> _Brief_
Write out all the data verbatim. Skip images.
══ Supplied material ══
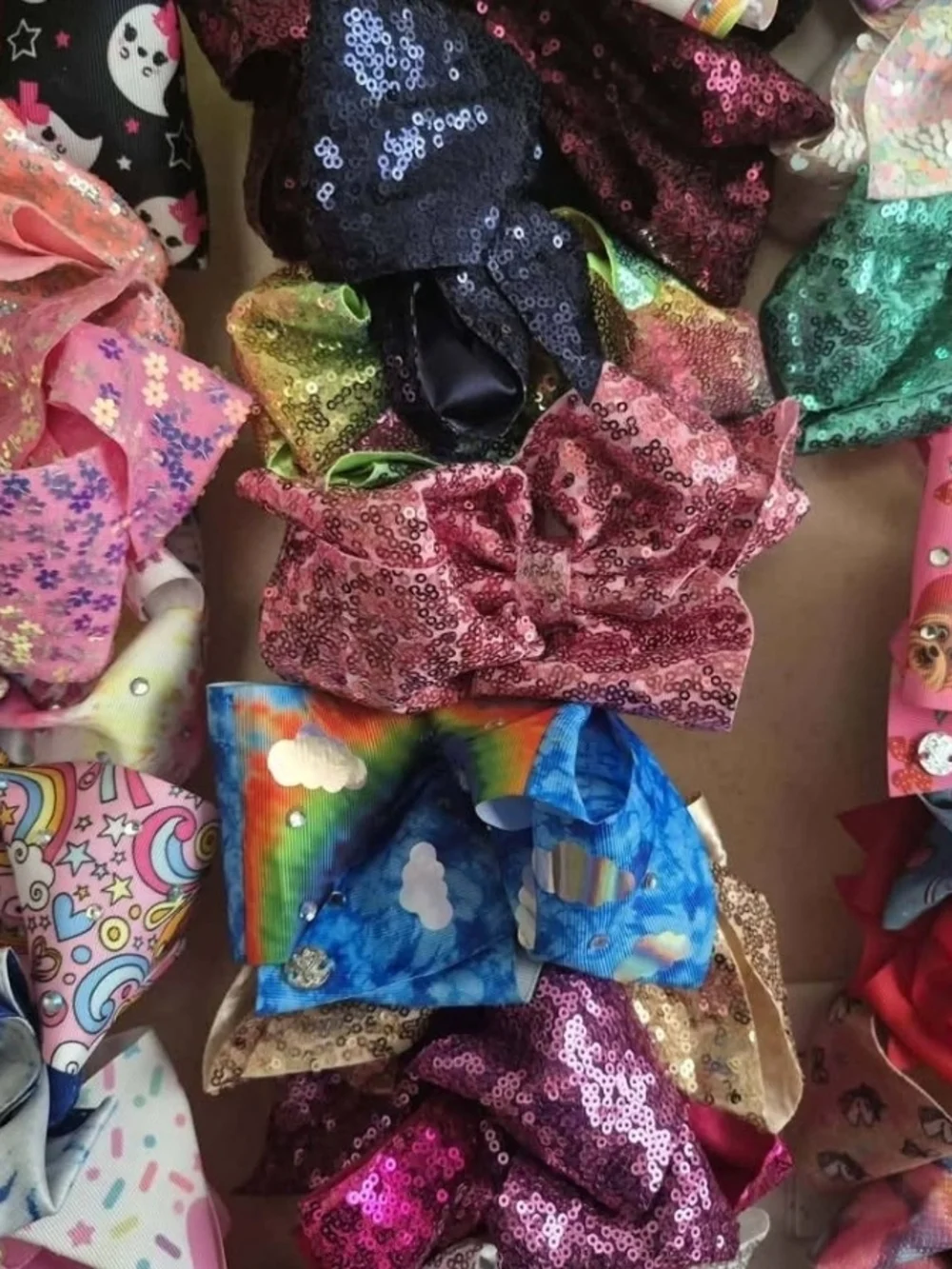 Kids Multicolor Hair Bow Lot - Assorted Glitter & Print Bows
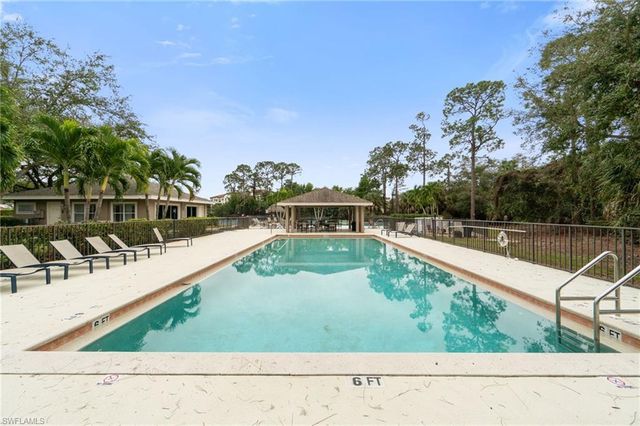 359 Dover PL E204, Naples, FL 34104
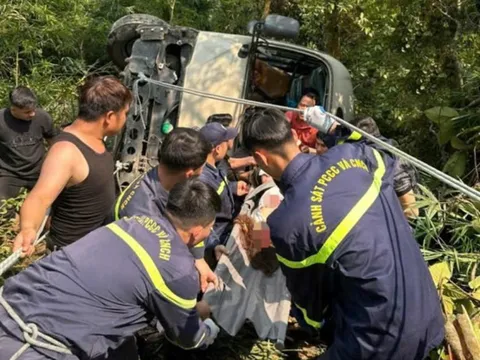 Xe 29 chỗ lao xuống vực tại Tam Đảo, nhiều người bị thương, trong đó có trẻ em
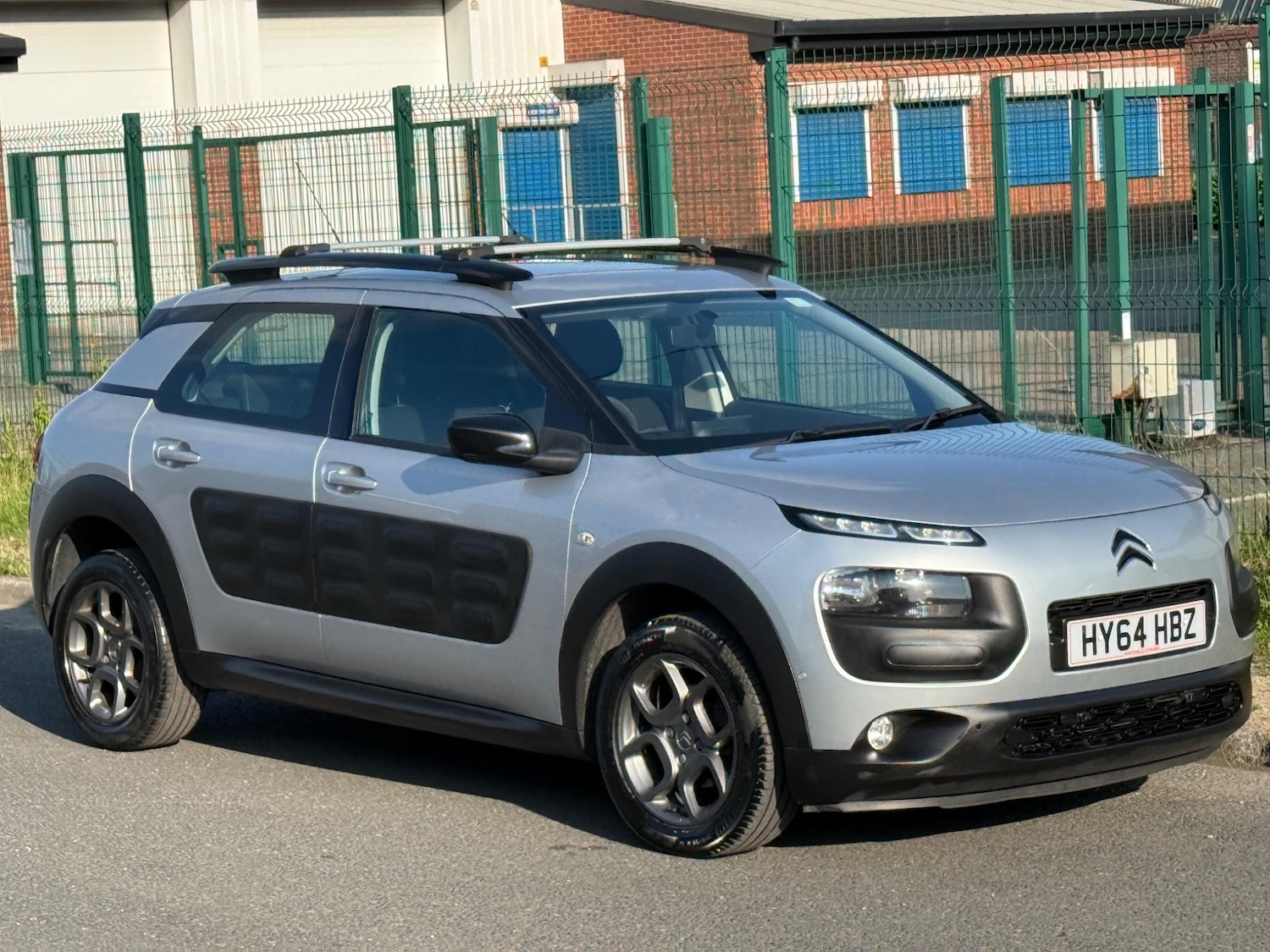 Used Citroen C4 Cactus 2014 for sale - 76409566: Photo 2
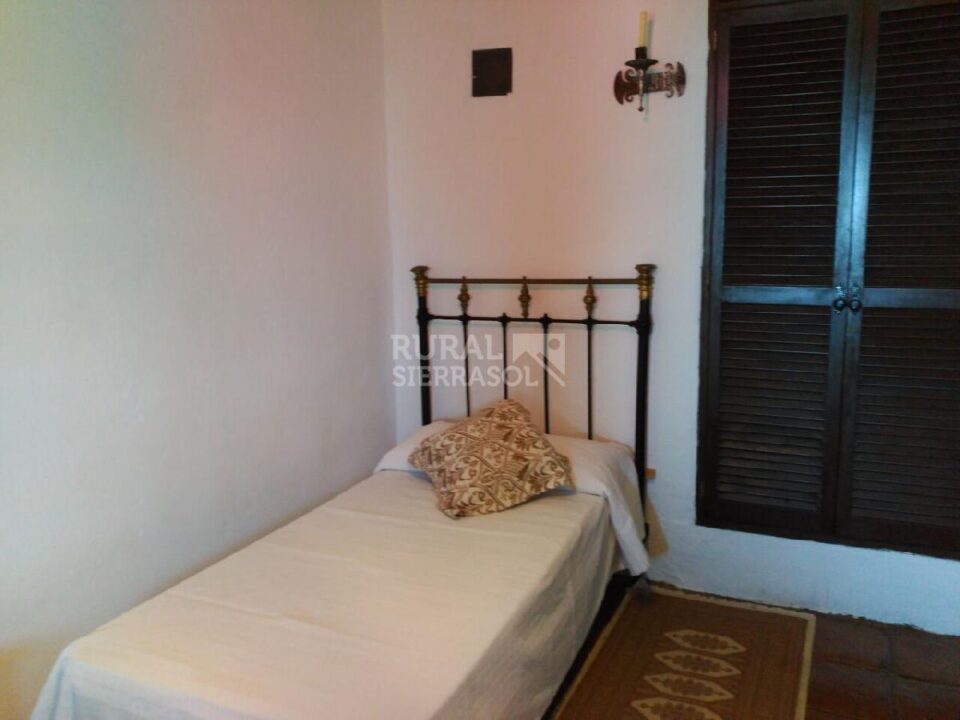 Cama en dormitorio de Casa rural en Alcaucín (Málaga)-3699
═══
> _Response_
 Kids Multicolor Hair Bow Lot - Assorted Glitter & Print Bows
 359 Dover PL E204, Naples, FL 34104
 Xe 29 chỗ lao xuống vực tại Tam Đảo, nhiều người bị thương, trong đó có trẻ em
 Used Citroen C4 Cactus 2014 for sale - 76409566: Photo 2
 Cama en dormitorio de Casa rural en Alcaucín (Málaga)-3699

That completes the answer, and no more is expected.